How do you use a php variable for directory path?

I am getting userid from the url. This is what I have at the moment. I want to replace the one with $userid but I don't know how. It doesn't work and I can't seem to find the right syntax, please can someone help?

function returnimages($dirname = "Photos/1")
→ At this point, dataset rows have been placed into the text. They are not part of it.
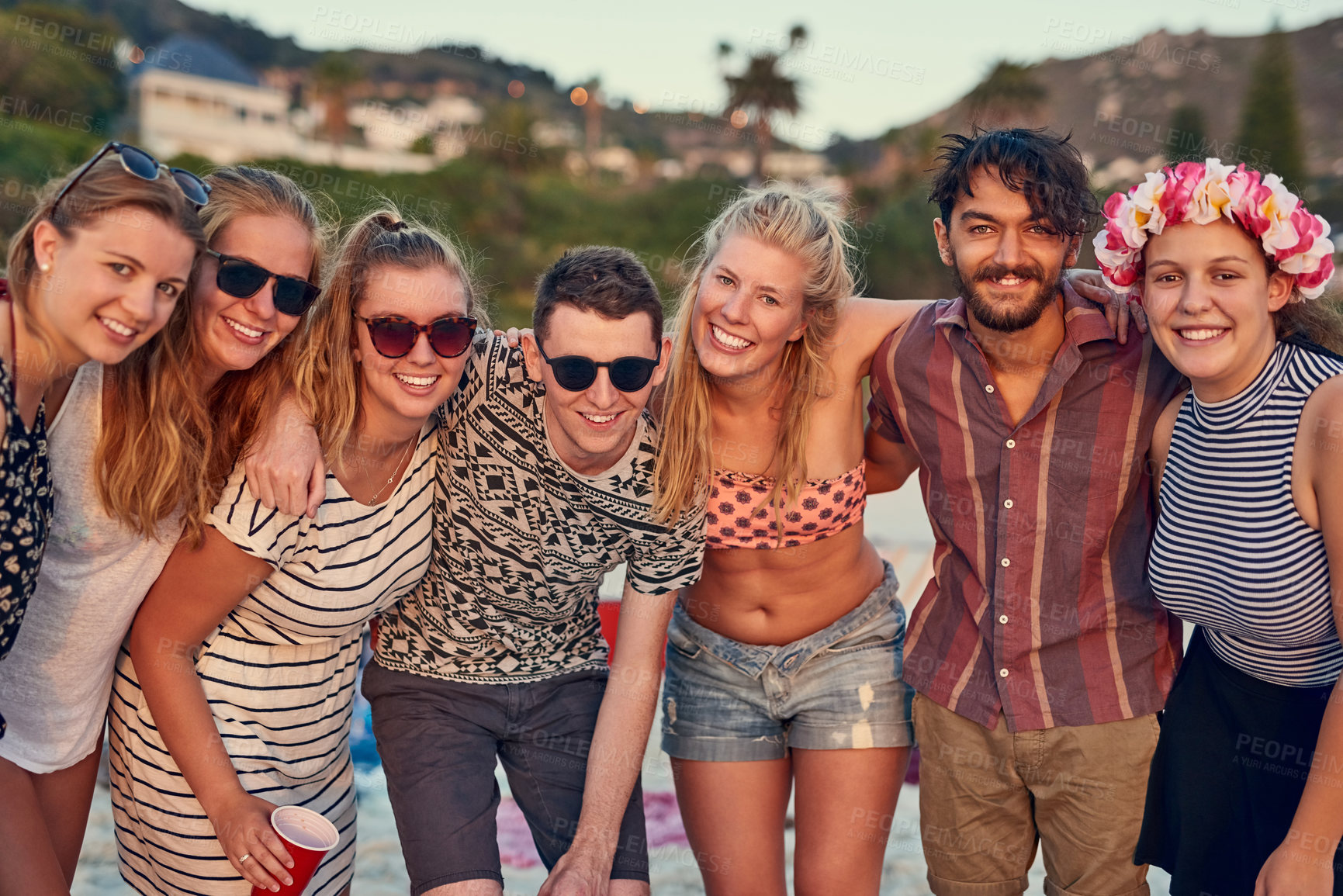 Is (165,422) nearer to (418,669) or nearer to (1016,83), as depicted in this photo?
(418,669)

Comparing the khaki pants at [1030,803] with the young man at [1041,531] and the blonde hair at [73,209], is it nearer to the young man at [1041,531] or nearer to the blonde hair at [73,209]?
the young man at [1041,531]

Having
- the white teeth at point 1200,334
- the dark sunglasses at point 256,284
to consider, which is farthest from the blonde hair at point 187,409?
the white teeth at point 1200,334

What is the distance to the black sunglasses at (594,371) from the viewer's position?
290 cm

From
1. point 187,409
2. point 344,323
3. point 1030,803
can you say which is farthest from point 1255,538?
point 187,409

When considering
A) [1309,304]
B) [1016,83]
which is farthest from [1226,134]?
[1309,304]

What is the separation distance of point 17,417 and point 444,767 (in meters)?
1.60

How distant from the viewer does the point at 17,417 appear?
2273mm

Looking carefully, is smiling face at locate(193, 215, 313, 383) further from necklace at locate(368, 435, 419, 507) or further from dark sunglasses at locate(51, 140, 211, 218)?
necklace at locate(368, 435, 419, 507)

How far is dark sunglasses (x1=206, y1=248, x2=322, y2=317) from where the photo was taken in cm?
276

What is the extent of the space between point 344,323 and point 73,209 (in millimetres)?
786

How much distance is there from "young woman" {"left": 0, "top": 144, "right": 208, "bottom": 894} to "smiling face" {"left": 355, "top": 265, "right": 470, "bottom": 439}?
54 cm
Basically I am trying to create a photo slideshow using html, php and javascript. I had something working before I started adding php into my code. I had html and an external javascript that changes the photos and they fade in and out in a loop. I have a photo array in javascript. Right now I am trying to add php to my html. I want to be able to get userid via url and then from that get the photos from a specific path to the userid in the directory. Then I am hoping to create an array of these photos and use them in my javascript. Here is my php code embedded in my html:

<?php

$user_id = $_GET['userid'];
print " Hi,  $user_id ";

function returnimages($dirname = "Photos/1") {   //will replace 1 with userid once something starts working
$pattern="(\.jpg$)|(\.png$)|(\.jpeg$)|(\.gif$)"; //valid image extensions
$files = array();
$curimage=0;
if($handle = opendir($dirname)) {
while(false !== ($file = readdir($handle))){
if(eregi($pattern, $file)){ //if this file is a valid image
//Output it as a JavaScript array element
echo 'galleryarray['.$curimage.']="'.$file .'";';
$curimage++;
}
}

closedir($handle);
}
return($files);
}

echo 'var galleryarray=new Array();'; //Define array in JavaScript
returnimages() //Output the array elements containing the image file names

?>

And my javascript:

$ (document).ready(function(){

var photodisplay = 
[
$("#photo1"),
$("#photo2"),
$("#photo3"),
$("#photo4"),
$("#photo5"),
];

//photodisplay[0].hide().fadeIn(3000);

var user = new Array();
[1, 2, 3, 4, 5];

// List of images for user one
/*var userphoto = new Array();
userphoto[0] = "Photos/1/1.jpg";
    userphoto[1] = "Photos/1/2.jpg";
        userphoto[2] = "Photos/1/1.jpg";
            userphoto[3] = "Photos/1/1.jpg";
                userphoto[4] = "Photos/1/1.jpg";*/


//preloading photos
var userphoto = <? echo json_encode($galleryarray); ?>;
function preloadingPhotos() {
for (var x=0; x<5; x++)
{
    photodisplay[x].attr("src", "Photos/1" + userphoto[x]);
    photodisplay[x].hide();
    console.log("preloaded photos");

}
displayPhoto();
}

function displayPhoto(){

    photodisplay[0].fadeIn(3000);
    photodisplay[0].delay(3000).fadeOut(3000, function() { //first callback func
    photodisplay[1].fadeIn(3000);
    photodisplay[1].delay(3000).fadeOut(3000, function() { //second callback func
    photodisplay[2].fadeIn(3000);
    photodisplay[2].delay(3000).fadeOut(3000, function() { //third callback func
    photodisplay[3].fadeIn(3000);
    photodisplay[3].delay(3000).fadeOut(3000, function() { // fourth callback func
    photodisplay[4].fadeIn(3000);
    photodisplay[4].delay(3000).fadeOut(3000, function() {
    setTimeout(displayPhoto(), 3000);
    });
    }); 
    });
    }); 
    });

}// end of function displayPhoto


window.onload = preloadingPhotos;

}); //end ready

My url to get userid:

http://example.com/code.php?user_id=1

Thank you for your time!

回答1:

The problem is that you are always setting the dirname instead of letting calling the function set it. You could change:

function returnimages($dirname = "Photos/1") {

function returnimages($dirname) {

because otherwise the $dirname is always Photo/1. Then, when you call the function, use:

returnimages('Photos/'.$user_id);

回答2:

You can concatenate in PHP by using the dot '.'. This will concatenate two string and then assign them to the variable $dirname. For example:

 $dirname = "Photos/" . $_GET['ID'];

The variable $dirname can then be placed in the function returnimages, like:

returnimages($dirname);